The advantage of an ARM is that the initial interest rate may be lower than what you would have to pay for a fixed rate.
Suppose the bank calculates that, under present market conditions, they could make a reasonable profit on a mortgage if they charged, say, 5%. (I'm just making up numbers for an example. I'm not claiming that any numbers I use here are real.) But inflation is running high. Maybe it will continue to be high. Maybe it will go even higher. So making a loan at 6% would be very risky for the bank. Sure, they'd make money at that rate today. But a mortgage typically lasts 15 to 30 years. Who knows what will happen in that time? So if they're going to guarantee a rate for 30 years, to be safe they pad it a little, and charge maybe 6% or 7%.
But with a variable rate mortgage, they can offer a lower rate today and if things change increase the rate. So maybe they're willing to offer a loan at 6%. If things get worse the rate can go up to 7% or 8%. If things get better it might come down to 5%.
From the bank's point of view, an ARM reduces their risk.
From the borrower's point of view, an ARM increases his risk. Instead of the bank committing to a certain rate, it could go up. Sure, it could come down, too, but this doesn't help him much. If interest rates came down enough, he could refinance the loan. It's nice that the rate could come down and he gets the lower rate without the time and expense of refinancing, but this is a minor advantage. The bank is shifting the risk from themselves to the borrower.

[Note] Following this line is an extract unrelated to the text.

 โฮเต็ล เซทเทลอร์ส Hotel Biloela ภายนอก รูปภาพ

If they offer a lower initial rate than fixed rates that are available, it may be a good risk to take. You may accept the risk that your payment will be higher next year in exchange for a lower payment this year. After all, it might not go up, in which case you win. A major cause of increasing loan rates is inflation, and if inflation is high your income may be going up, too, so you may have more nominal dollars next year to pay it.

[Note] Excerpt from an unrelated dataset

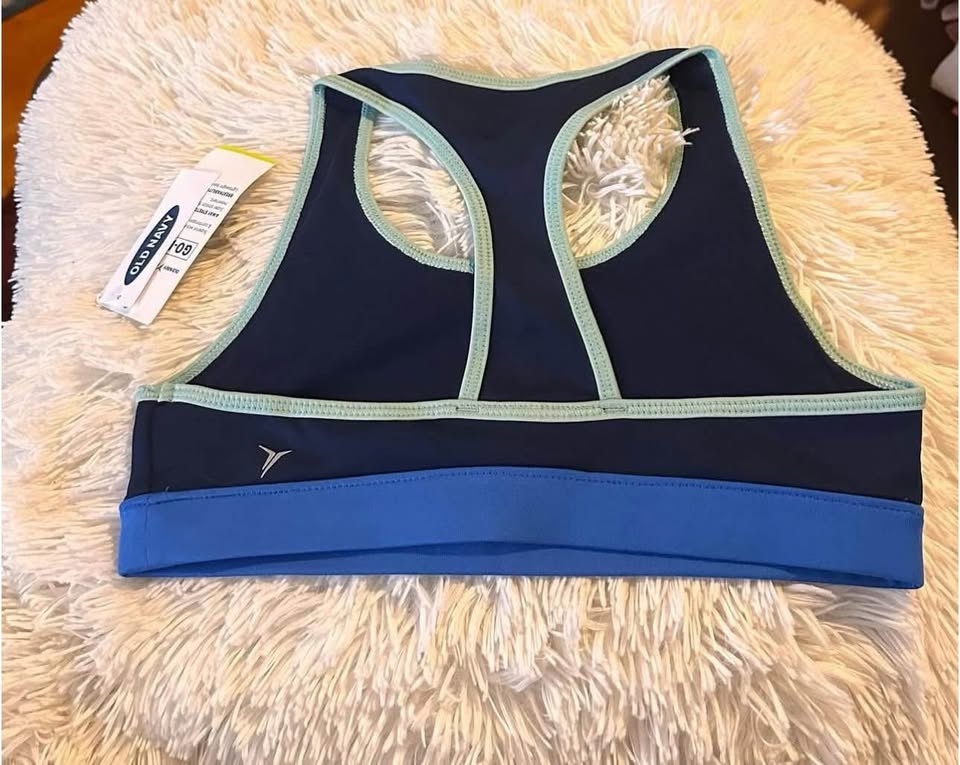 GIRLS SPORTS BRA SIZE: MEDIUM PRICE:$15 BRAND : OLD NAVY - photo 2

If fixed rate loans are available at the same rate as the initial rate on an ARM, I don't see any reason to go with the ARM. (Well, unless other terms of the loan make it more desirable -- some other fee is lower or whatever.)
Also, I would carefully check what the rules are for determining the variable rate. I once foolishly took out a car loan with an initial rate of 9.9% but where the contract said that the bank could change the rate to anything they wanted up to 20%. After a year they jacked it up to 15% and the next year to 19%. I had no real recourse because I had signed a contract agreeing to that. I paid the loan off as quickly as I could and since then I've read the paperwork more carefully. Most ARMs I've seen since then tie the rate to something outside the bank's control and that is verifiable, like some index or the "rime rate" or some such. Maybe there are laws about this now.